# Another new guy. Need your valuable opinions on pen colors!



## DGoodSTuff (Nov 15, 2017)

Joining this awesome place to seek some feedback from you fine fellas! I'm a product designer and still pretty old fashioned when it comes to using a pen for sketching and designs. Many in my field moved to digital tool while I go through lots of papers and ink each day. 

I just finished making my first pen. I’m trying to pick out some final color/material combinations and would really like to hear your thoughts on the choices. I made a quick survey for the different colors and material variations. Please let me know what you think.
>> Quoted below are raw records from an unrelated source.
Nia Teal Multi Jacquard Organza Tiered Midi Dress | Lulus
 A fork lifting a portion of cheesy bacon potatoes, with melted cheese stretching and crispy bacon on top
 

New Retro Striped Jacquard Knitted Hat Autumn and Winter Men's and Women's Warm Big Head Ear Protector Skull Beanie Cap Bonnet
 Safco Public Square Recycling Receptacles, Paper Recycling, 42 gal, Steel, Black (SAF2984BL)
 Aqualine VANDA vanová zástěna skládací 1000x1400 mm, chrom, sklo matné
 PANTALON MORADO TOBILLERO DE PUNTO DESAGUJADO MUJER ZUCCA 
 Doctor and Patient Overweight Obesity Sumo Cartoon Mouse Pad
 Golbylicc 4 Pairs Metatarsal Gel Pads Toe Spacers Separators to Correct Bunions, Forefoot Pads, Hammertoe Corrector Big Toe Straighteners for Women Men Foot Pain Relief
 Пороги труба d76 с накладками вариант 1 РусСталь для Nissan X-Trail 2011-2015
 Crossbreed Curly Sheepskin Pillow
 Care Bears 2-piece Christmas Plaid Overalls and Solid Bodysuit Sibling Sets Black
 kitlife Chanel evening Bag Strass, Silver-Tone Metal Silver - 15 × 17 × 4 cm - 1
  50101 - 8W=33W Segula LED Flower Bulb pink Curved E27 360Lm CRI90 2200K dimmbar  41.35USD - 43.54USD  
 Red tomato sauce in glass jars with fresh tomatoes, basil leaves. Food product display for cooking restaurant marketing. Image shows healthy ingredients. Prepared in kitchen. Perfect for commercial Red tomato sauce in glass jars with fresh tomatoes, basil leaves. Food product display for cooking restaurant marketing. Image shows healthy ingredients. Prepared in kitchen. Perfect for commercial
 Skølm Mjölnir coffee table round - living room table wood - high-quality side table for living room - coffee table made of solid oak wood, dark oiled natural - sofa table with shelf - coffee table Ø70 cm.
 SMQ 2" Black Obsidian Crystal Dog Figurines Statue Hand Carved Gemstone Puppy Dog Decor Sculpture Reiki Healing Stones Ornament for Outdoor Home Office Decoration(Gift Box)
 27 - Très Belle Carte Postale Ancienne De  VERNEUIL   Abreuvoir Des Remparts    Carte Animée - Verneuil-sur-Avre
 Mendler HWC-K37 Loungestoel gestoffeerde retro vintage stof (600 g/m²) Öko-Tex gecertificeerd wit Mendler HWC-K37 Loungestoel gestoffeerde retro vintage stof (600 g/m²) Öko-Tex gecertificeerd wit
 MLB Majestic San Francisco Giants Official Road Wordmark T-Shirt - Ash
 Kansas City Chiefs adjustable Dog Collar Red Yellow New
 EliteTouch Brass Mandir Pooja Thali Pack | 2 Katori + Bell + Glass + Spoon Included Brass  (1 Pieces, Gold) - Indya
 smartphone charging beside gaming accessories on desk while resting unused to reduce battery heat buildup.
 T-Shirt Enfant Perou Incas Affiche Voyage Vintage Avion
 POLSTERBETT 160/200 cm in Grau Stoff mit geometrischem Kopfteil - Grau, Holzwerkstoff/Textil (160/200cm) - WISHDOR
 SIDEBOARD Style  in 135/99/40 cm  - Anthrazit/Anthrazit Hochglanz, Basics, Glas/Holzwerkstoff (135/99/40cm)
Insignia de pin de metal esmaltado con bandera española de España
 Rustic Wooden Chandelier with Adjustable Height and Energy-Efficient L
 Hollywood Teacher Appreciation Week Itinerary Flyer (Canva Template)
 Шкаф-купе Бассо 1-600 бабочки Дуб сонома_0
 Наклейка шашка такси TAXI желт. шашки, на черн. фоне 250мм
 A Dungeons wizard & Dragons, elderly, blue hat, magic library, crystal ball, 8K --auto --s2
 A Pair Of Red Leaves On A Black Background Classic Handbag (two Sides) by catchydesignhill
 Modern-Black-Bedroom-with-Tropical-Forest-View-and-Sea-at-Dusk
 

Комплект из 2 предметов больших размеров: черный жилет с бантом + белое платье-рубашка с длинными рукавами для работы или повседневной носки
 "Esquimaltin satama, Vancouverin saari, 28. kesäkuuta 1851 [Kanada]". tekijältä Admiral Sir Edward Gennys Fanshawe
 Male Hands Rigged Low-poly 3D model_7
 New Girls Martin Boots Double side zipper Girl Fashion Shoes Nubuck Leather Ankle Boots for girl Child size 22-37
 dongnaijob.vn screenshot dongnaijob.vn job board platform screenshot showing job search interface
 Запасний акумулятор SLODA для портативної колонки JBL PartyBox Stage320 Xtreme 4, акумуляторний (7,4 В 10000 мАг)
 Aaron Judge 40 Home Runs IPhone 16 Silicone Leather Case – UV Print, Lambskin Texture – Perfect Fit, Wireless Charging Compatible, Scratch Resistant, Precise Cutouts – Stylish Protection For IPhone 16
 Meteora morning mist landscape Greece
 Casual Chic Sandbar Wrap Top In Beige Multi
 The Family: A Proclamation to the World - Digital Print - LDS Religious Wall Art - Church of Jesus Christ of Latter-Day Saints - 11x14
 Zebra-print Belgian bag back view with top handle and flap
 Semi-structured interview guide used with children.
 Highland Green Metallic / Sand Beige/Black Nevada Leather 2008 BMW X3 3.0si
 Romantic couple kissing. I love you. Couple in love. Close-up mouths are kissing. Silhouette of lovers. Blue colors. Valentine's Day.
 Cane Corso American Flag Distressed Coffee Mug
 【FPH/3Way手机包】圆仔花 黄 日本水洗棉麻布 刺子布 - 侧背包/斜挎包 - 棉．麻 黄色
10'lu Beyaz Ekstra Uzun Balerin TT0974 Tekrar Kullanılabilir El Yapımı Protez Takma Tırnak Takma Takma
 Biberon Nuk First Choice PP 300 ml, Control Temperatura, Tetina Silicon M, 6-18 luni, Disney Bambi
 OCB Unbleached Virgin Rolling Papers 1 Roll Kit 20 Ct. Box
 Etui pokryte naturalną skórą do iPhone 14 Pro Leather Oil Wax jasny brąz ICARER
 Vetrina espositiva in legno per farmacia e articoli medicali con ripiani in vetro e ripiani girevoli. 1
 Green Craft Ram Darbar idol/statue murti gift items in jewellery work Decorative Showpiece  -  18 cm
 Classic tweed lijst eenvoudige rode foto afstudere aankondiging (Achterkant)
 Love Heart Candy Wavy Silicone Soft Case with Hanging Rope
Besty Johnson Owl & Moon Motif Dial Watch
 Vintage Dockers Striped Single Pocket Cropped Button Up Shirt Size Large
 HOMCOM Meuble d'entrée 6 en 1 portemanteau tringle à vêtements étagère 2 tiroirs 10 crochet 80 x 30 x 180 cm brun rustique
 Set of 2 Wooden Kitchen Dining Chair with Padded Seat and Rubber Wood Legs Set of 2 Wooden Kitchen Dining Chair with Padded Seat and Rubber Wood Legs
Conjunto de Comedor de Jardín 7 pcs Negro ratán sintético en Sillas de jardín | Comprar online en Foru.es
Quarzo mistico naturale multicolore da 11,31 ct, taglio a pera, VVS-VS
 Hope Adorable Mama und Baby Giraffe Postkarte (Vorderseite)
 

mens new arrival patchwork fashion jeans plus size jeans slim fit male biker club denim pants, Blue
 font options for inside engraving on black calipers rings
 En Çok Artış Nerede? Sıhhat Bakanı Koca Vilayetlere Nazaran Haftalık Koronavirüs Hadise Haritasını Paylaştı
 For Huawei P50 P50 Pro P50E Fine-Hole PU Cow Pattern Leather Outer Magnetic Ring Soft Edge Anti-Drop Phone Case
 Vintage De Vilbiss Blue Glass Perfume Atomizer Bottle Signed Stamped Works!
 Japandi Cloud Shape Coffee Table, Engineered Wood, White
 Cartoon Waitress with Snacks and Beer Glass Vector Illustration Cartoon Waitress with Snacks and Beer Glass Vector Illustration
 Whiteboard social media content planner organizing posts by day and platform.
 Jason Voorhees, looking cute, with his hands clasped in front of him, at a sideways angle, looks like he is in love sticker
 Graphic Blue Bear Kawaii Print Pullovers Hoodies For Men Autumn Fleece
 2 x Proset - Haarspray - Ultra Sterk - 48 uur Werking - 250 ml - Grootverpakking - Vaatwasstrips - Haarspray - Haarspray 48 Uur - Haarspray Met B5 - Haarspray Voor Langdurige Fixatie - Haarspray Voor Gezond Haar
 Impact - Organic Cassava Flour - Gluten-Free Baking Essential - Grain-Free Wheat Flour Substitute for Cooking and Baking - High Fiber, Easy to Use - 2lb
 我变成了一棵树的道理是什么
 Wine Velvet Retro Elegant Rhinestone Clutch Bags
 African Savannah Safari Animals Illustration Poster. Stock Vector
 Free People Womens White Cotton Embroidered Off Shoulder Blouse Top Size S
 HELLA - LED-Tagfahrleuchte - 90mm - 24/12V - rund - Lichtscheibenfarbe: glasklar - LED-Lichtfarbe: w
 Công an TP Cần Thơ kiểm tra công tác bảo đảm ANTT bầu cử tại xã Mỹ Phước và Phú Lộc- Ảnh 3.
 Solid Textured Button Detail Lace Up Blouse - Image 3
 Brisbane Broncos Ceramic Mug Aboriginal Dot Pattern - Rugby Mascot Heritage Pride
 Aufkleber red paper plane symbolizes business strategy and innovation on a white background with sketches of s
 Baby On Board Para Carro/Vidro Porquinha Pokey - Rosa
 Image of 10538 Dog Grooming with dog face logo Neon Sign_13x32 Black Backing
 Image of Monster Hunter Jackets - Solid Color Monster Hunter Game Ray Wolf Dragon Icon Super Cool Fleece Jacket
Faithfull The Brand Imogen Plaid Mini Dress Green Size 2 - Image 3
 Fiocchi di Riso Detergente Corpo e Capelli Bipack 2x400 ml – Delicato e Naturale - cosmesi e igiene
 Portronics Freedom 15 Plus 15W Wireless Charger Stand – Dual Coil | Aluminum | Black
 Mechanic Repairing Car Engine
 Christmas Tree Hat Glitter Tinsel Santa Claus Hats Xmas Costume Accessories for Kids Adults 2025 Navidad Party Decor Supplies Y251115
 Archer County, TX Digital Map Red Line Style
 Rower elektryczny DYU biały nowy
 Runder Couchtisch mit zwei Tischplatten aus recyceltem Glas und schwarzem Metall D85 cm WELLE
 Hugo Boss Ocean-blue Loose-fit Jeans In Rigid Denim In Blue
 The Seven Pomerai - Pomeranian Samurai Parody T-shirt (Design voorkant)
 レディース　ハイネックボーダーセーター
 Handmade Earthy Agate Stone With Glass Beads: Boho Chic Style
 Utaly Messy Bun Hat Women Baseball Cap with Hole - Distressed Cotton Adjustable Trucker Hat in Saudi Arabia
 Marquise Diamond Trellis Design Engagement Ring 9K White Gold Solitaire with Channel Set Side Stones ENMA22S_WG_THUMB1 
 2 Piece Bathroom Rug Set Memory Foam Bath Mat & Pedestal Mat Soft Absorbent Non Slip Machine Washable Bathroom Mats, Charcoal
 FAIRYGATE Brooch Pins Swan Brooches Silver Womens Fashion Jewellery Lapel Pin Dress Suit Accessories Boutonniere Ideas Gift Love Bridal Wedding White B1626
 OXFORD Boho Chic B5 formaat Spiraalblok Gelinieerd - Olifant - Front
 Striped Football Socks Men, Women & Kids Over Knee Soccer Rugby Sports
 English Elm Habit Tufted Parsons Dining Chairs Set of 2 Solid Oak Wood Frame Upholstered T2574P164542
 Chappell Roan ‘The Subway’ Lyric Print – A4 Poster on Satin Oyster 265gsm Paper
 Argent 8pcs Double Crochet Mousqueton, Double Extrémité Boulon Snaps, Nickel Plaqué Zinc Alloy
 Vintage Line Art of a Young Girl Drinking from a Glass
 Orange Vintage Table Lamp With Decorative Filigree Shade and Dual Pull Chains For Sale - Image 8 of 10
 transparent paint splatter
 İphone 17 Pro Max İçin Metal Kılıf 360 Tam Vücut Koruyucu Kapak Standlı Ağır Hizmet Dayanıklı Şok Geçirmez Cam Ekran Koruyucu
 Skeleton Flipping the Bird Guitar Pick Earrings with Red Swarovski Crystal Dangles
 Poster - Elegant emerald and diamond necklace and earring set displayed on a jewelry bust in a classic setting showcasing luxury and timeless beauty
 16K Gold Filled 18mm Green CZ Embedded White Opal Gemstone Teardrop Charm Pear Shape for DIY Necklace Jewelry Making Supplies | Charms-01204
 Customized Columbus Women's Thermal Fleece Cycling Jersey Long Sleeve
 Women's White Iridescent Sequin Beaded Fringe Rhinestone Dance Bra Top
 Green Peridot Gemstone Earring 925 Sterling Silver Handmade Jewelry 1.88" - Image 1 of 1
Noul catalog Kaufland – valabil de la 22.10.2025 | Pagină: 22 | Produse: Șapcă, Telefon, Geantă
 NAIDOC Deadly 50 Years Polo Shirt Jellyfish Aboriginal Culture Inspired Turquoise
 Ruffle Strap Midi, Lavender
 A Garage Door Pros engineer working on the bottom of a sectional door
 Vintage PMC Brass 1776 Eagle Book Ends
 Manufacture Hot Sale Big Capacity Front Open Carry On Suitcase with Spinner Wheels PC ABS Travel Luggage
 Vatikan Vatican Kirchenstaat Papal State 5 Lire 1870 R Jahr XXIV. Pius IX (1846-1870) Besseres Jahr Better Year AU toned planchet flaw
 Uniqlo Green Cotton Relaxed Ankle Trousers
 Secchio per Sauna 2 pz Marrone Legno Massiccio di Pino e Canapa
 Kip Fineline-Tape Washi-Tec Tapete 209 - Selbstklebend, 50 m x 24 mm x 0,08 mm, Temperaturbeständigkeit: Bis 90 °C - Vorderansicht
Thank you for your time! https://goo.gl/forms/BNDZ8cmdEpKjyxUB2


----------



## magpens (Nov 16, 2017)

Welcome to IAP !!


----------



## DGoodSTuff (Nov 16, 2017)

magpens said:


> Welcome to IAP !!



Thanks!


----------



## thewishman (Nov 16, 2017)

Welcome from Ohio. I voted - nice looking pens.


----------



## ajollydds (Nov 16, 2017)

Very nice, I like them all.


----------



## MRDucks2 (Nov 16, 2017)

Welcome aboard from Indianapolis!


Sent from my iPhone using Penturners.org mobile app


----------



## Jim15 (Nov 16, 2017)

Welcome. Your pens are beautiful.


----------



## DGoodSTuff (Nov 16, 2017)

@thewishman @ajollyodds @MRDucks2 @Jim15

Thanks for the warm welcome! Glad you guys liked my pen and super appreciated the feedback!


----------



## JimB (Nov 16, 2017)

Welcome from western NY State! I like all of them. I really don't have a favorite so I can't vote.


----------



## Woodchipper (Nov 16, 2017)

Very nice pens.  Welcome to the forum.


----------



## DGoodSTuff (Nov 17, 2017)

@JimB @Woodchipper Thanks! and very very happy to be here


----------



## DGoodSTuff (Nov 17, 2017)

I got some really great feedback from you guys, thanks everyone! Some questions had popped up around the weight. The all aluminum version is the lightest, followed by the copper/brass barrel version(alu. scales) being slightly heavier and the all brass/copper scales version(alu. barrel) being the heaviest, but not bone crushing heavy. The scales will turn individually when twisting the pen to extrude the refill.


----------